Notice the windows with the bars. The board that I use is a state of the art "Smartboard". It is hooked to my computer and I can project the computer screen up on it by my LCD projector mounted at the ceiling. I can touch the board and control the computer like a touch screen. It is pretty cool and the kids love to come up to the board to use it. I also have a regular white board that is on the right side of the room. The tables are weighted and weight a ton. The chairs are made of a durable plastic and are one piece.
For the most part it is a pretty normal classroom. I can't have too much stuff out sitting around. There is no bulletin board as we can't really use staples. The kids come in to class in small groups of 8-10. They are mixed in age and grade levels so they area all usually taking a different social studies course. I teach about 10 minutes to the whole group and then they begin their individual work, independently. In the first 10 minutes I tend to think of it as similar to Jay Leno's monologue. I stand up in the front and talk for a minute about whatever is on my mind. Recently it has been my frustrations in playing the McDonald's Monopoly game on the Internet. (Windows 98 vs. Vista) Then I instruct about some little topic, many times it is a skill of some sort or we watch CNN Student News for current events. Then they get settled in their books. They each have assignments on the regular white board that I didn't take a picture of. I walk around and help them out or sit with one person and instruct on a specific event in history or a concept.

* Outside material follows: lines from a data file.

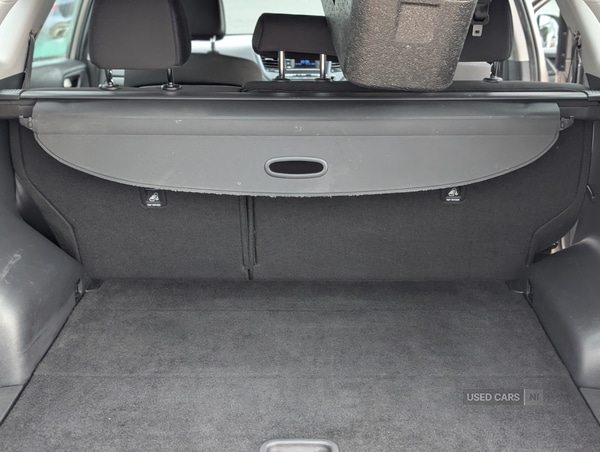 Used Hyundai TUCSON 2015 for sale - 78087340: Photo 19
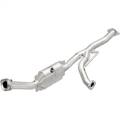 MagnaFlow 49 State Converter 49678 Direct Fit Catalytic Converter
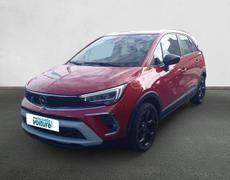 Opel Crossland Challans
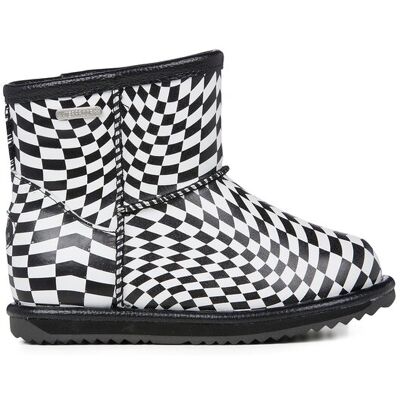 EMU Australia Schneeschuhe Blanasi K12950 Schwarz 28 female EMU Australia Schneeschuhe Blanasi K12950 Schwarz 28 female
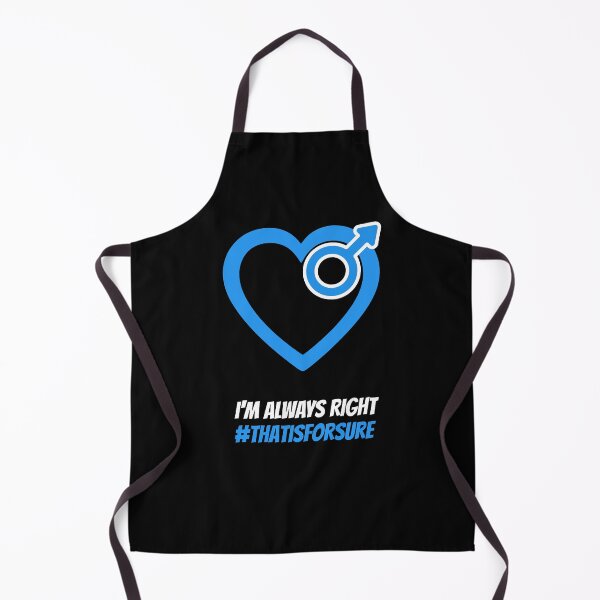 Item preview, I'm always right designed and sold by FRAZAstore.
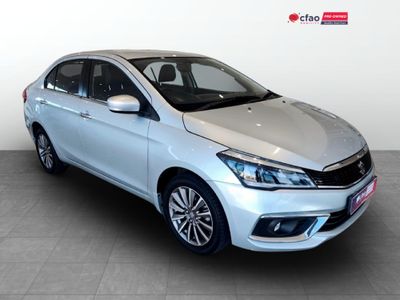 2024 Suzuki Ciaz 1.5 GLX Auto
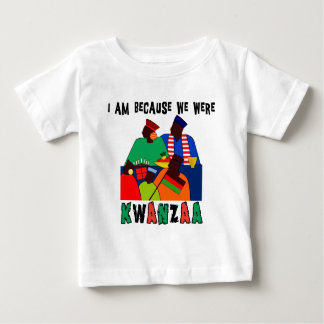 T-shirt Kwanzaa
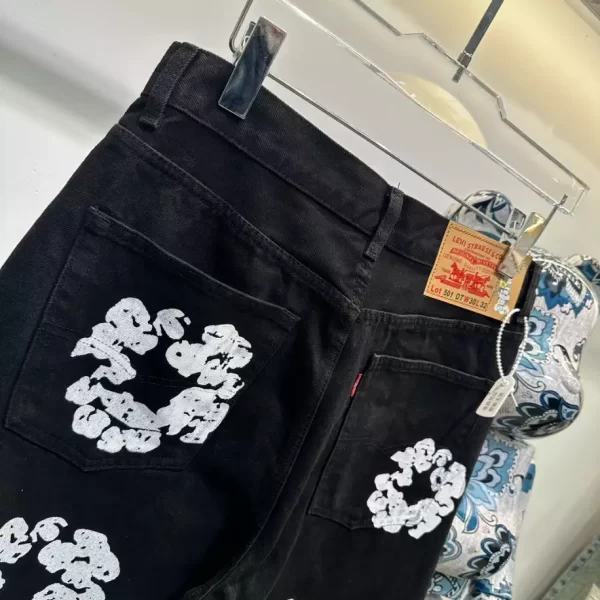 AMIRI JEANS - AJ063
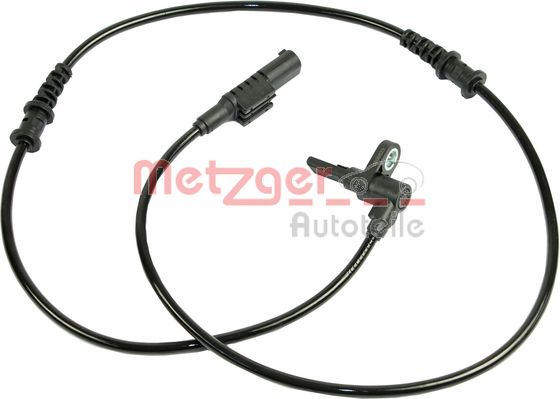 

Metzger 0900193 Датчик ABS
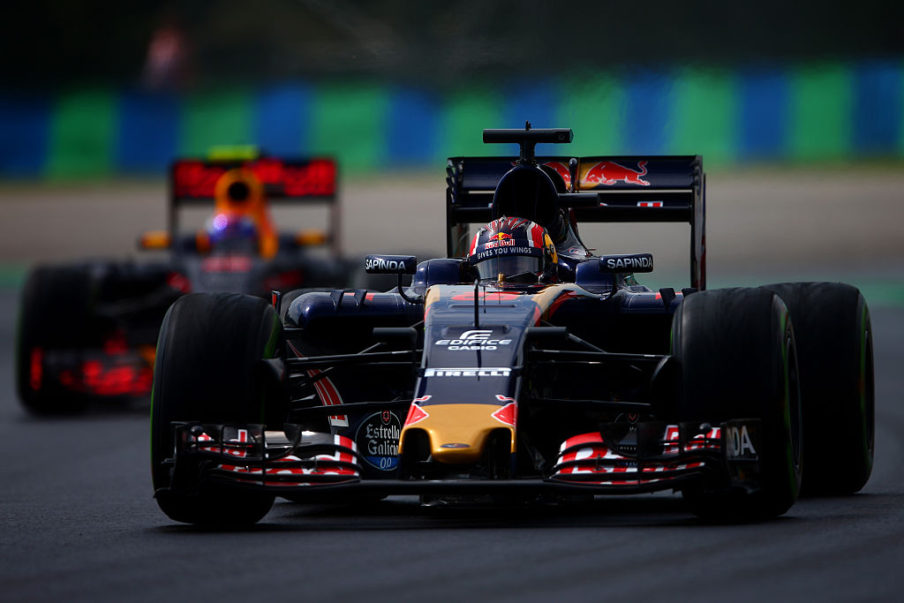 Dan Istitene/Getty Images Sport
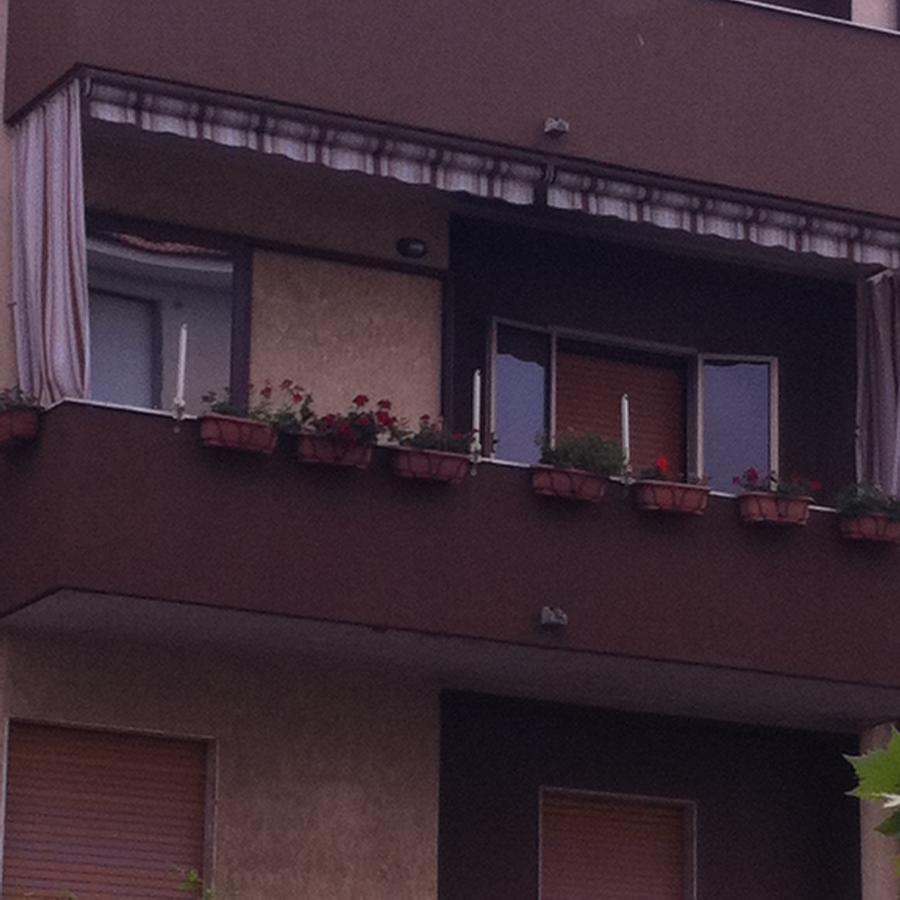 B&B Casa Mia Alghero Zewnętrze zdjęcie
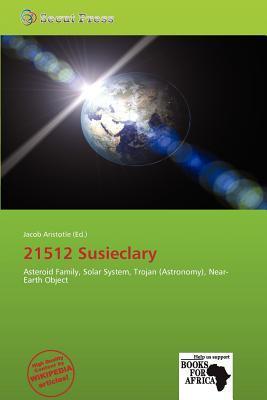 21512 Susieclary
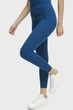 Жіночі сині легінси DKNY S DP3P3249 - изображение 3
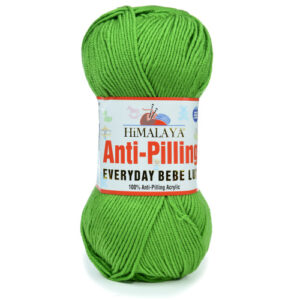 Купить пряжу HiMALAYA EVERYDAY BEBE LUX цвет 70457 производства фабрики HiMALAYA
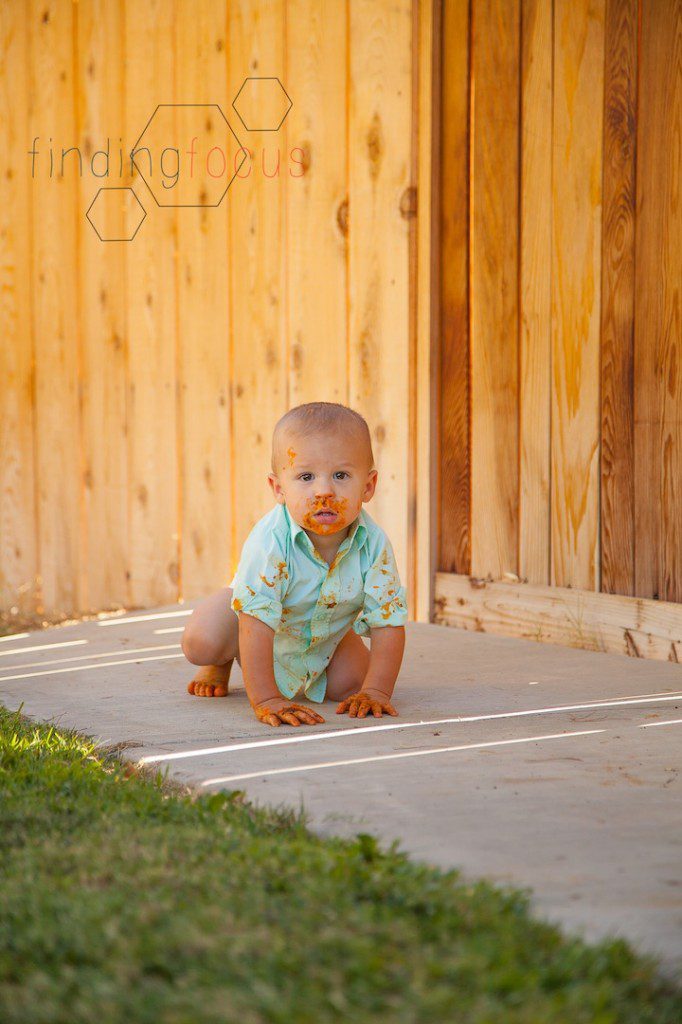 Maverick's Cake Smash Blog Photos (13 of 14)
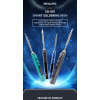 Pájka SQ-001 (s hrotem TS-B2) Technický šedý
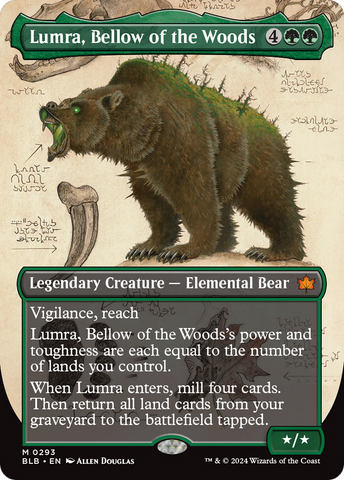 MTG Singles - All Products Tagged "Elemental Bear" MTG Singles - All Products Tagged "Elemental Bear"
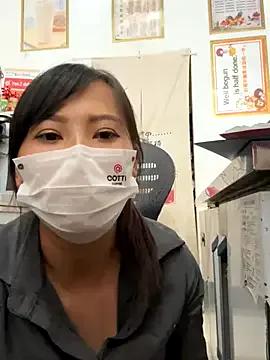 penquan-520 from StripChat is Freechat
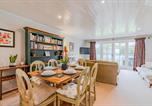 Location vacances South Cerney - Mayfly Lodge-2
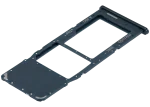 Samsung Galaxy A04 İle Uyumlu Tek Sim Kart Tepsisi (A045 2022) (Yeşil) - Görsel 4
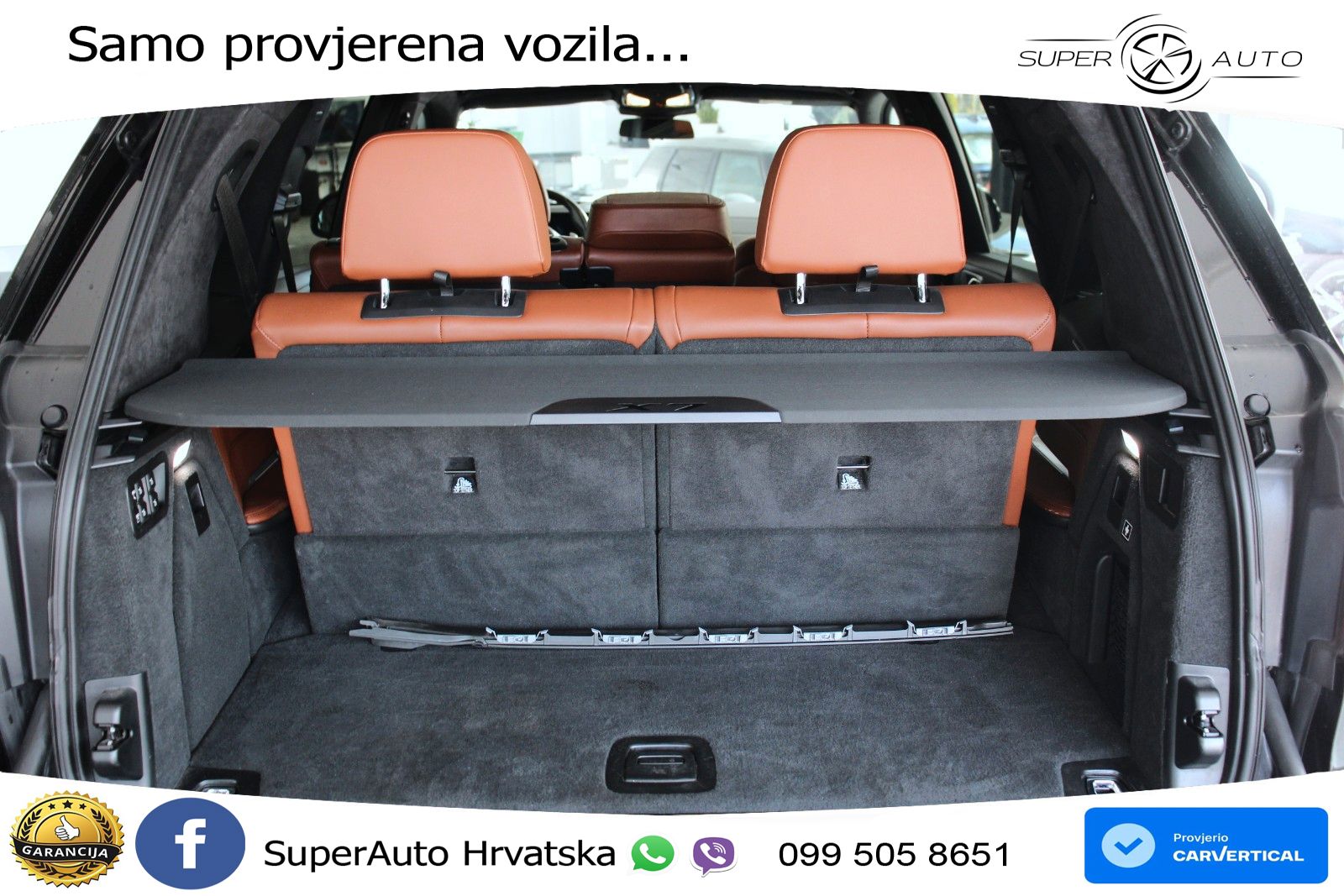 BMW X7 40d (352 KS) xDrive Steptronic M Sport LED+GR SJED+ACC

The weird stuff: I have to flip mentally from Ancient World History to Modern (1500 to present day) World History, American History, and US Government in a flash. I can be helping someone with the definition of a complex civilization or why mummies in Egypt pulled their brains through the nose with an instrument that looks like a fish hook to answering questions about the electoral college, then to the first battles of the American Revolutionary war and back again. I have to count pencils going out and being collected each class period. When a child breaks a pencil lead we have to find the lead that got broken off. I can't use paper clips, real adult scissors, or leave my stapler out on my desk. I can use staples in paper only when absolutely necessary and then I have to be ever vigilant about watching the kids who have staples in their papers. We can only use pencils, not pens, not mechanical pencils. The kids can only use yellow legal pad paper. They can't use regular notebook paper to write on AND I have to give it out one sheet at a time. I have to report every doodle on every paper, book, or table.
A majority of my students go to school intermittently when not locked up with us. Therefore, they often won't get much credit for the work they do in our school. They do get credit for the time they are with us, don't get me wrong but when they go to a new school after they leave us it is up to the new school to decide whether or not to give the kids credit for their work with us. Knowing this, I often will work specifically on lifetime skills that will help them in real life and not require them to memorize massive amounts of bogus info that they won't ever use. I am not stupid and I do realize that most people don't love history like I do and I don't hold it against them.
Oh, did I say I love my job?
2 comments:
Thanks for the pictures. I have always wondered what it looked like. Now i can say that i didn't expect the pink chairs, but looks pretty normal. I love the white "smart Board" how cool, i would want to play on that all day too.
They are maroon chairs. Kinda on the purple side like a red wine not really pink.